PODER JUDICIÁRIO JUSTIÇA DO TRABALHO TRIBUNAL REGIONAL DO TRABALHO DA 1ª REGIÃO 6ª Turma

PROCESSO nº 0010239-60.2015.5.01.0042 (RO)

RECORRENTE: MAURO PONTES

RECORRIDO: ITAU UNIBANCO S.A.

RELATOR: ANGELO GALVAO ZAMORANO

REINTEGRAÇÃO. NULIDADE DA DISPENSA. ESTABILIDADE

DECENAL. Comprovado nos autos que o autor possui

estabilidade decenal transitada em julgado, a dispensa imotivada

encontra-se eivada de nulidade, impondo-se a manutenção da

decisão que determinou a reintegração do trabalhador.

Vistos, relatados e discutidos os presentes autos de RECURSO ORDINÁRIO em que são

partes: ITAÚ UNIBANCO S/A , como Recorrente e, MAURO PONTES , como Recorrido.

RECORRE ORDINARIAMENTE O BANCO RECLAMADO , em face da r. sentença id

fca98d5, com Embargos de Declaração julgados id 7cc73ef, proferida pelo MM Juízo da 42ª

VT/RJ (da lavra do Juiz Thiago Mafra da Silva), que julgou parcialmente procedentes os

pedidos elencados nas Reclamações Trabalhistas 0010239-60.2015.5.01.0042, 0010751-43.2015.5.01.0042, 0011510-07.2015.5.01.0042 e 0101347-39.2016.5.01.0042.

RELATÓRIO

O BANCO RECLAMADO (ITAÚ UNIBANCO S/A), em suas razões, suscita a nulidade da

sentença por cerceamento de defesa e, no mérito, pretende afastar a reintegração do autor, bem

como a condenação ao pagamento de horas extras e manutenção do plano de saúde.

Contrarrazões do Reclamante id 4fd37c7, sustentando a manutenção do julgado.

Autos não remetidos ao Ministério Público, na forma do artigo 85 do RI - TRT - 1ª Região.

Éo relatório.

FUNDAMENTAÇÃO

I - DO RECURSO ORDINÁRIO 0101347-39.2016.5.01.0042

NÃO CONHEÇO do Recurso Ordinário apresentado no processo RO 0101347-39.2016.5.01.0042, por ausência de dialeticidade recursal (aplicação da Súmula nº 422 do TST), tendo em vista que a matéria relacionada àqueles autos diz respeito ao pedido do reclamante de anular a sua transferência da agência localizada em Niterói para a agência localizada em São Gonçalo.

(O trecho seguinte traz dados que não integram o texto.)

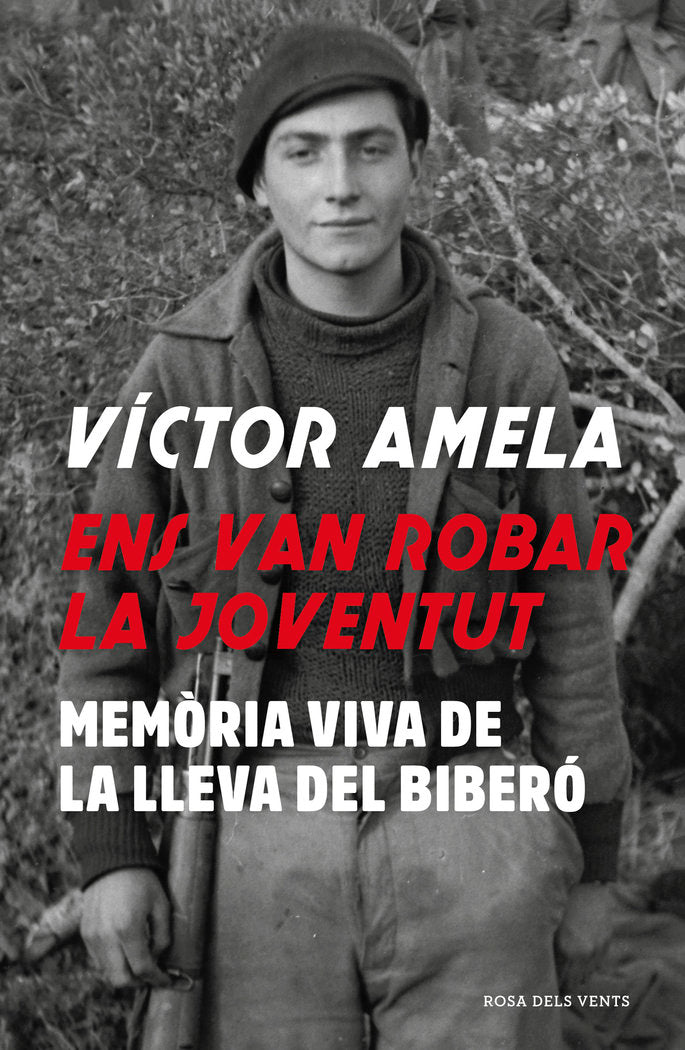 Ens van robar la joventut, de Amela, Víctor | portada del libro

No entanto, as razões recursais apresentadas naqueles autos, id 05ec241, dizem respeito apenas ao pedido de manutenção do plano de saúde do reclamante, matéria que é analisada nos autos do RO 0011510-07.2015.5.01.0042.

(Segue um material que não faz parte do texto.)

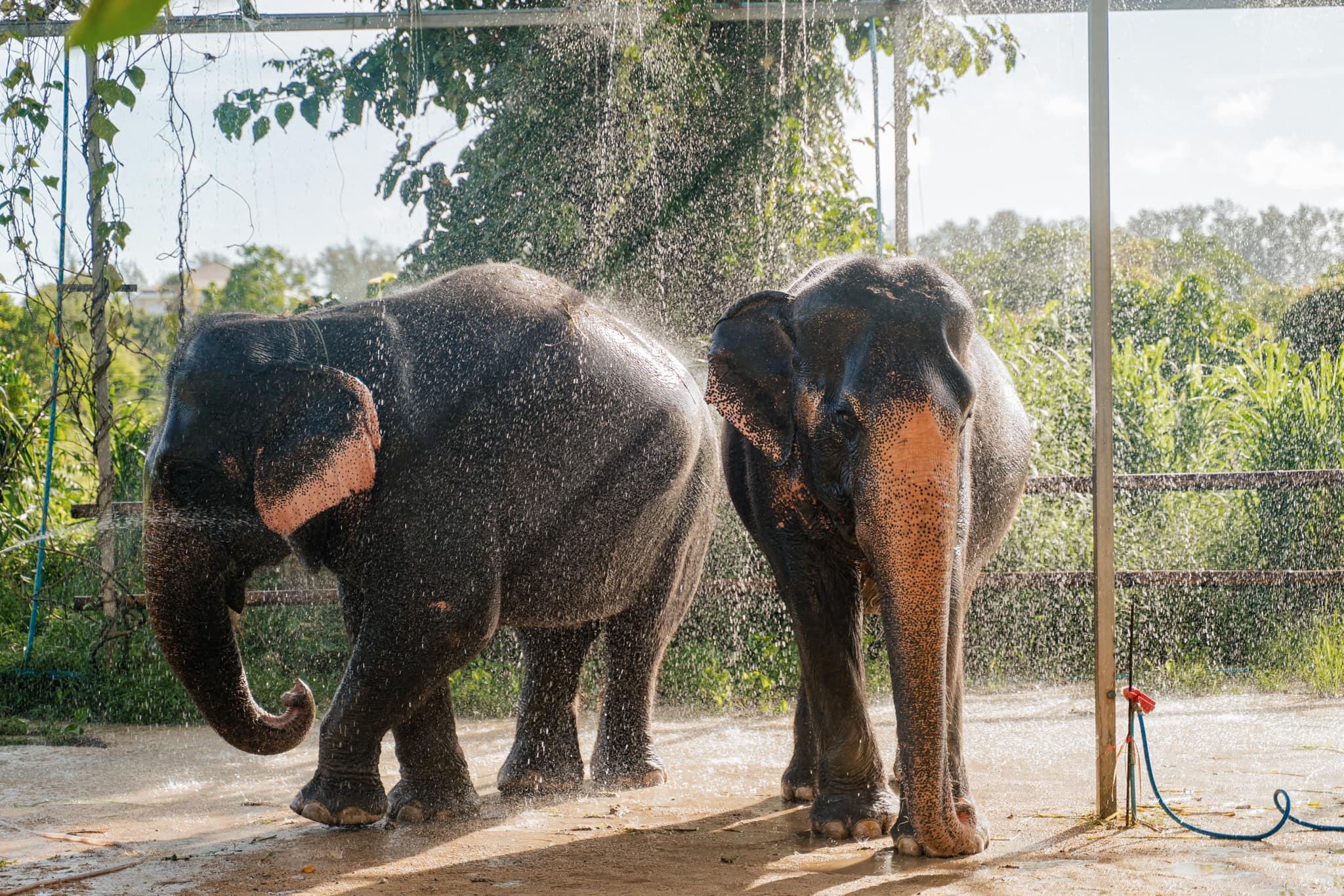 Ethical Elephant Sanctuary Experience with Mud Spa & Feeding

II - DO RECURSO ORDINÁRIO 0011510-07.2015.5.01.0042

NÃO CONHEÇO do recurso ordinário apresentado no processo RO 0011510-07.2015.5.01.0042, também por ausência de dialeticidade recursal (aplicação da Súmula nº 422 do TST), tendo em vista que a matéria apresentada naqueles autos se refere à restituição do plano de saúde do reclamante e sua dependente e, nas razões de recurso, não há qualquer pedido de reforma da sentença em relação a este tema.

III - DOS DEMAIS RECURSOS

( RO 0010239-60.2015.5.01.0042 e RO 010751-43.2015.5.01.0042)

Recursos tempestivo.

Regular a representação.

Depósito recursal e custas comprovados.

PRELIMINARES

DO RECURSO DO BANCO RECLAMADO

I - DA PRELIMINAR DE NULIDADE DA SENTENÇA. CERCEAMENTO DE

DEFESA. (RO 0010751-43.2015.5.01.00042)

Rejeito.

Em suas razões, suscita o banco reclamado a nulidade da sentença por cerceamento do seu direito de defesa, eis que a sentença que o condenou ao pagamento de horas extras baseou-se apenas na prova oral produzida e indeferiu a oitiva de uma de suas testemunhas sem justificativa legal.

Rejeito.

Conforme exposto nas próprias razões de recurso, o Juízo de origem fundamentou o indeferimento da oitiva da testemunha com base no art. 765 da CLT.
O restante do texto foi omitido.